(Aim of the task): An exact copy of every entry is needed here; the images stay out.

(Provided data):
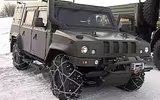 [ẢNH] Bất ngờ xe bọc thép cứu mạng lính Nga tại Syria là do NATO sản xuất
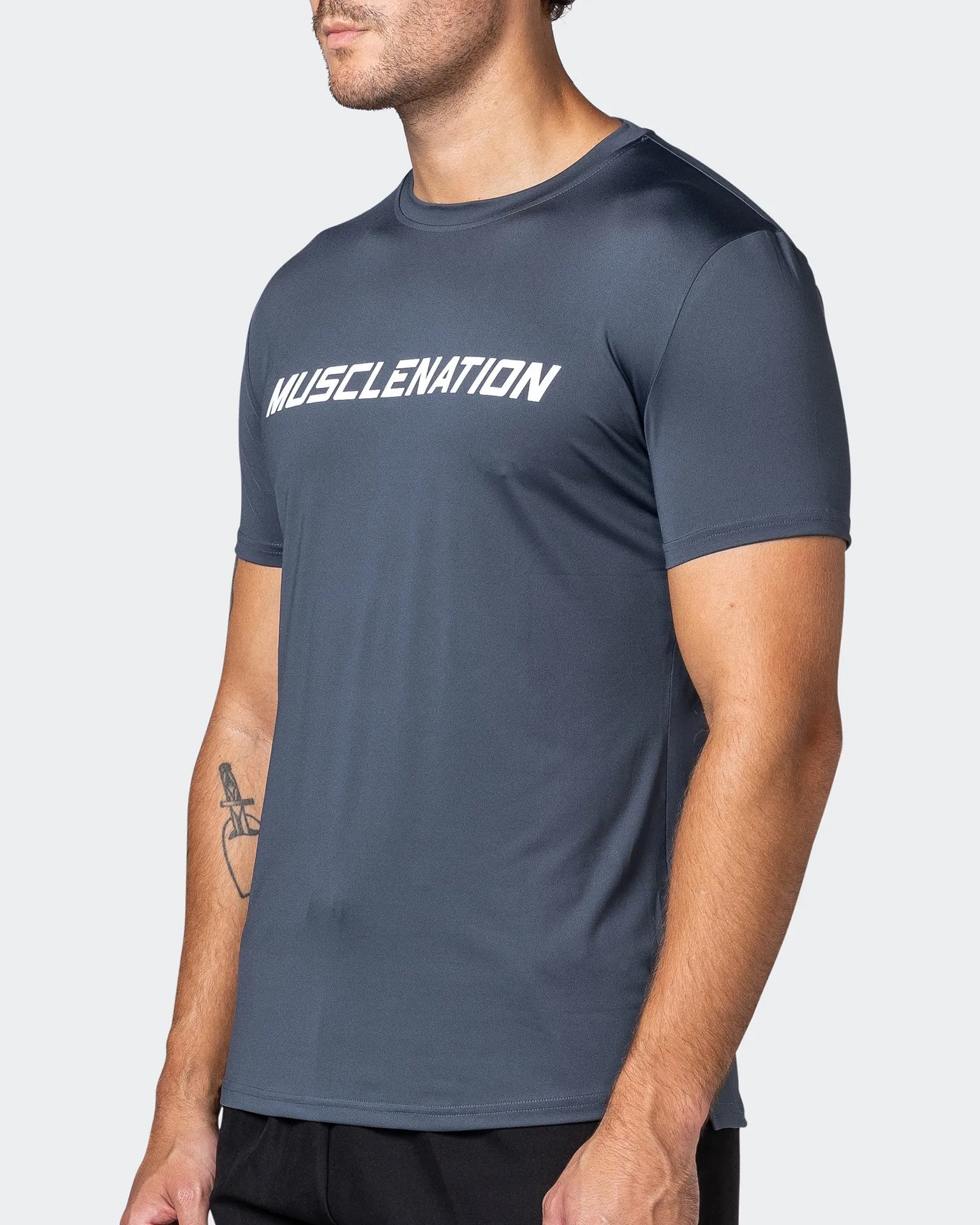 ClimaFlex Expo Tee - Pewter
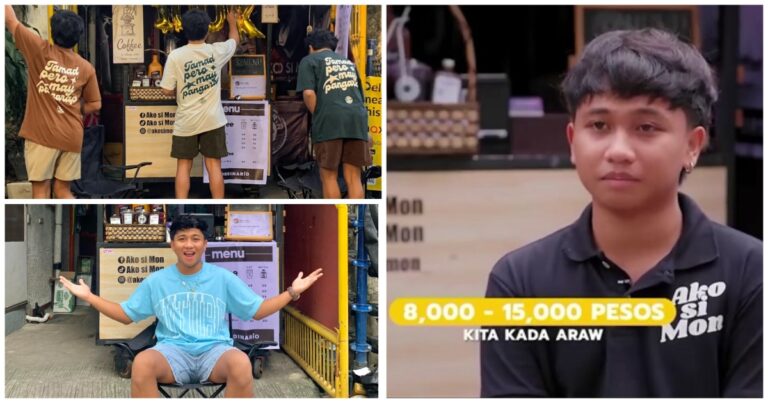 Olongapo’s “Lazy Man with a Dream” Slowly Finds Success in Life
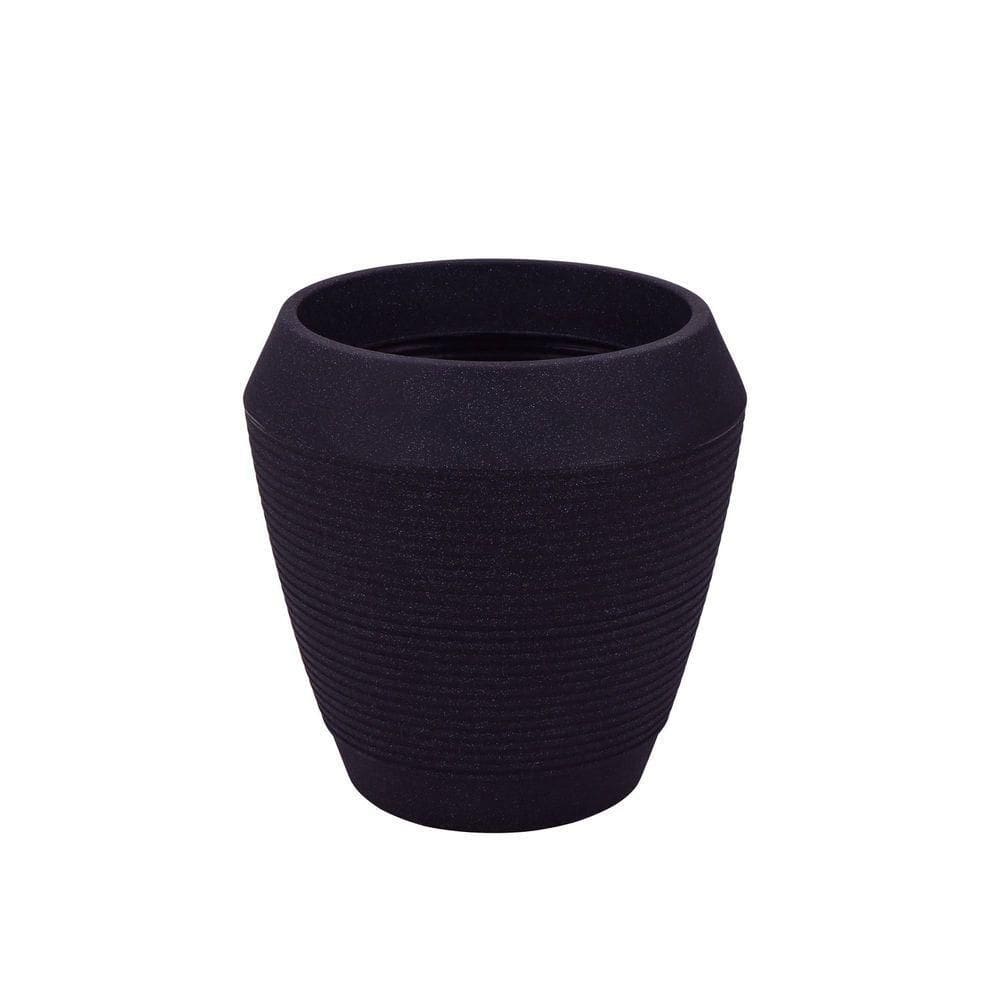 Vaso Tramontina Egípcio Polietileno Granito Estelar 54cm Tramontina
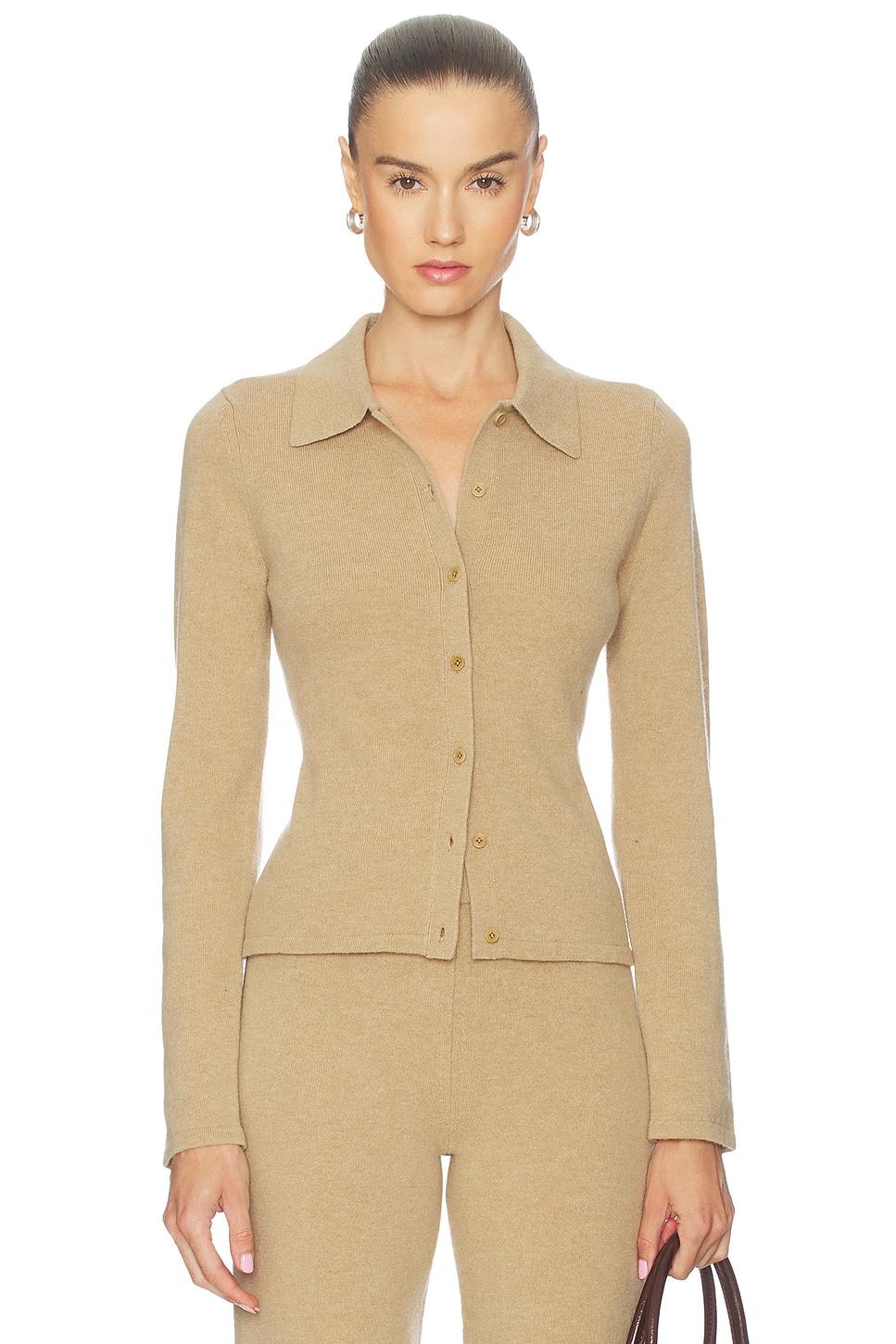 by marianna berke button down top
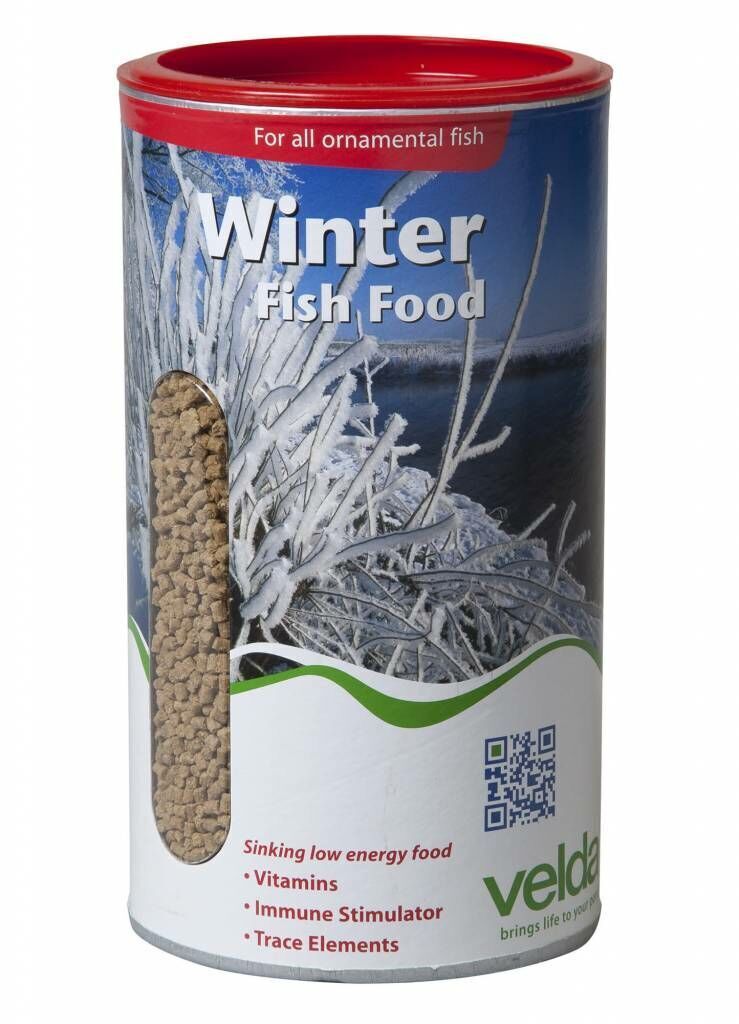 Winter Fish Food - 1350 grams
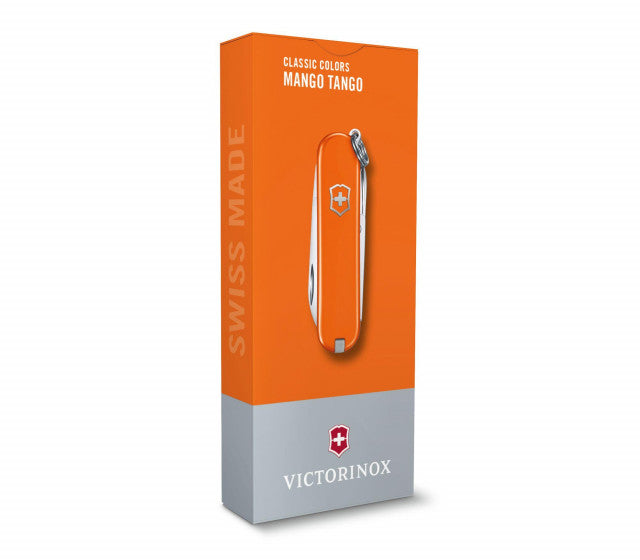 Briceag Victorinox Classic Colors, Mango Tango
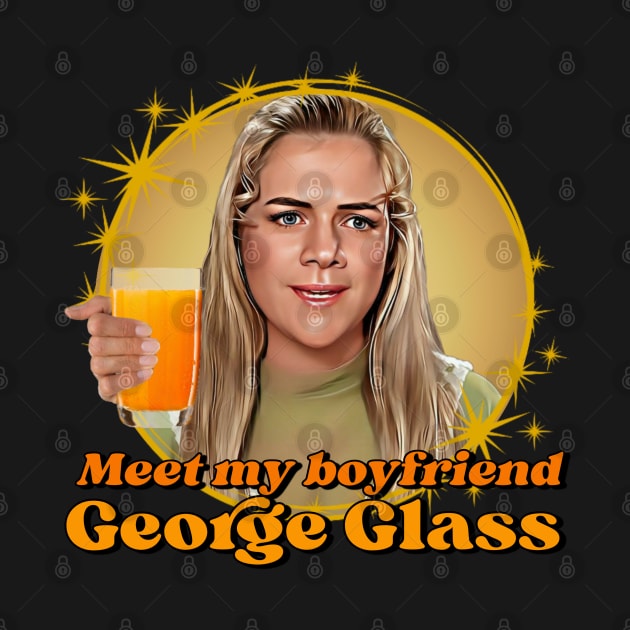 Jan Brady - George Glass by Zbornak Designs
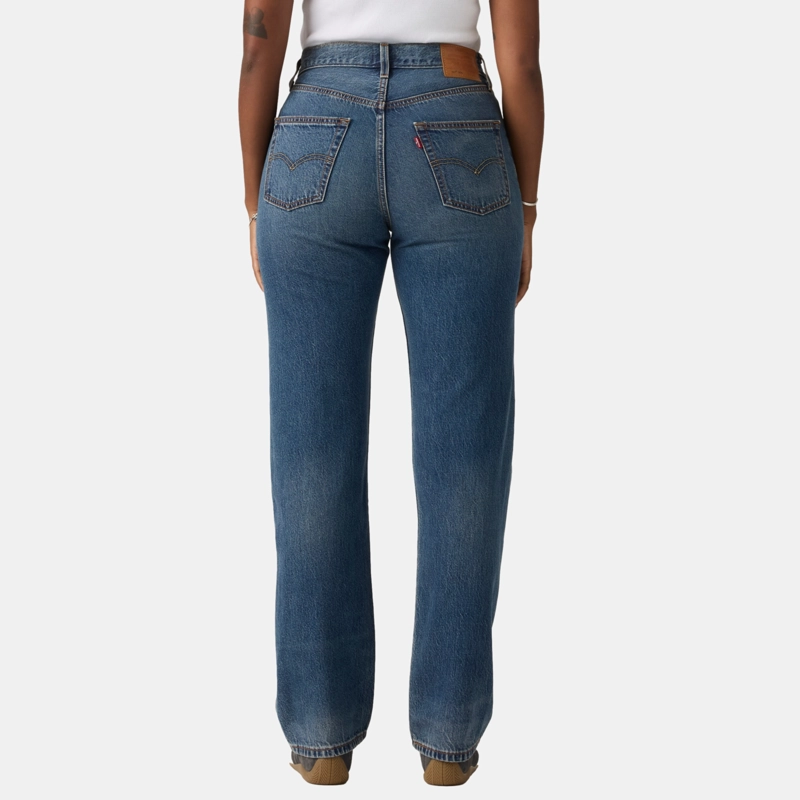 JEANS MUJER 501 90S LIGHTWEIGHT AZUL LEVIS A8421-0014 - 3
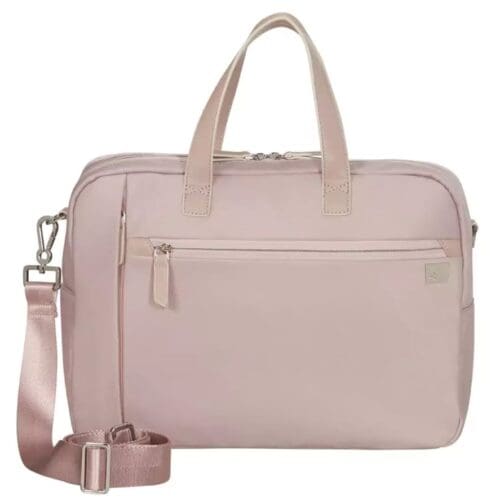 ⁦SAMSONITE ECO WAVE 15.6 תיק עבודה לנשים סמסונייט 2 תאים למחשב kc258002⁩ – תמונה ⁦3⁩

(Your solution):
 [ẢNH] Bất ngờ xe bọc thép cứu mạng lính Nga tại Syria là do NATO sản xuất
 ClimaFlex Expo Tee - Pewter
 Olongapo’s “Lazy Man with a Dream” Slowly Finds Success in Life
 Vaso Tramontina Egípcio Polietileno Granito Estelar 54cm Tramontina
 by marianna berke button down top
 Winter Fish Food - 1350 grams
 Briceag Victorinox Classic Colors, Mango Tango
 Jan Brady - George Glass by Zbornak Designs
 JEANS MUJER 501 90S LIGHTWEIGHT AZUL LEVIS A8421-0014 - 3
 ⁦SAMSONITE ECO WAVE 15.6 תיק עבודה לנשים סמסונייט 2 תאים למחשב kc258002⁩ – תמונה ⁦3⁩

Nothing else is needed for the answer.